» **HOW TO COMPLETE THIS TASK**
Using the material below, repeat exactly the lines from the one with "On the thumb" through the one with "Hey guys, here's", ends included, without any images.

» **DATA EXCERPTS**

++++

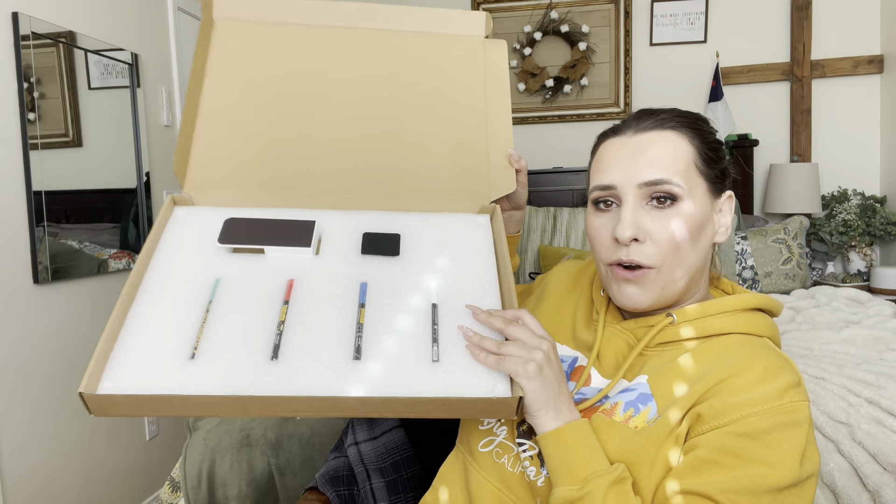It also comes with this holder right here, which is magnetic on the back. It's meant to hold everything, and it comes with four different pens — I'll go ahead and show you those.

++++

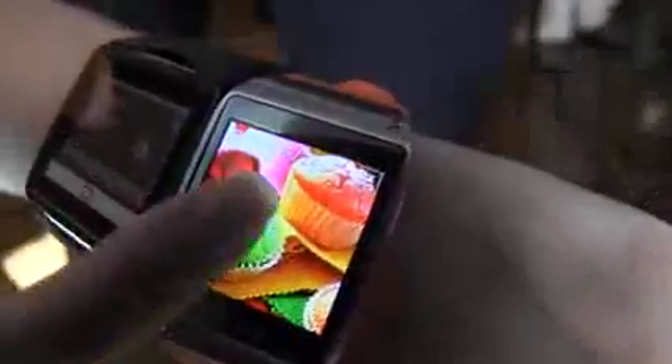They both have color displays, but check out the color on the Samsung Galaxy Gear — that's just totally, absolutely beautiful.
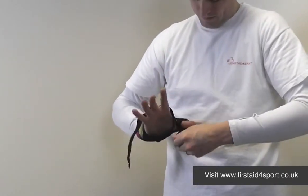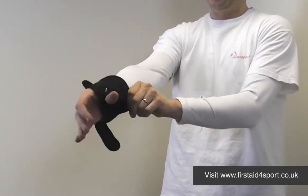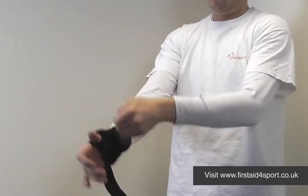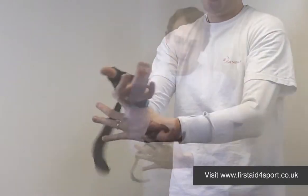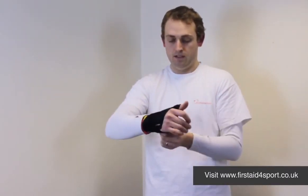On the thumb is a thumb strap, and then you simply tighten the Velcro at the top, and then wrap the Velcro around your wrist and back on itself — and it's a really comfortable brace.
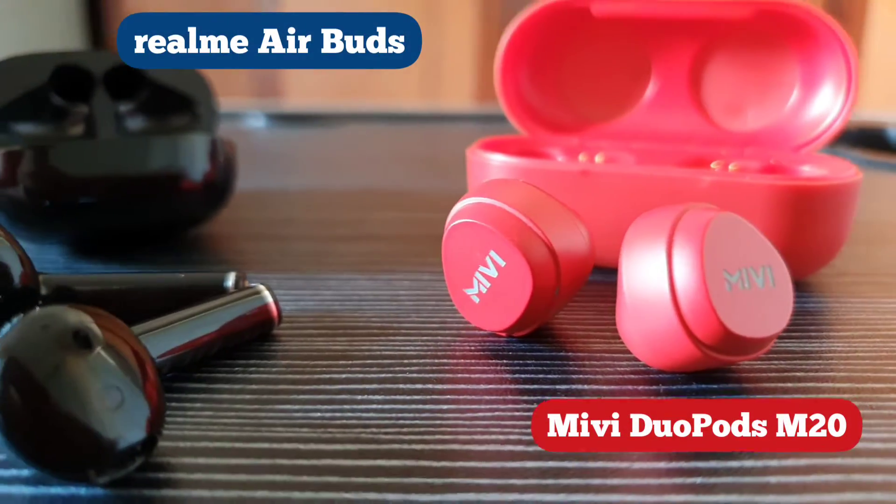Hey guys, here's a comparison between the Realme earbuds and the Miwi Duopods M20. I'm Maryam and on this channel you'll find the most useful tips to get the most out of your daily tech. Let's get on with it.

++++

» **EXERCISE ANSWER**
On the thumb is a thumb strap, and then you simply tighten the Velcro at the top, and then wrap the Velcro around your wrist and back on itself — and it's a really comfortable brace.
Hey guys, here's a comparison between the Realme earbuds and the Miwi Duopods M20. I'm Maryam and on this channel you'll find the most useful tips to get the most out of your daily tech. Let's get on with it.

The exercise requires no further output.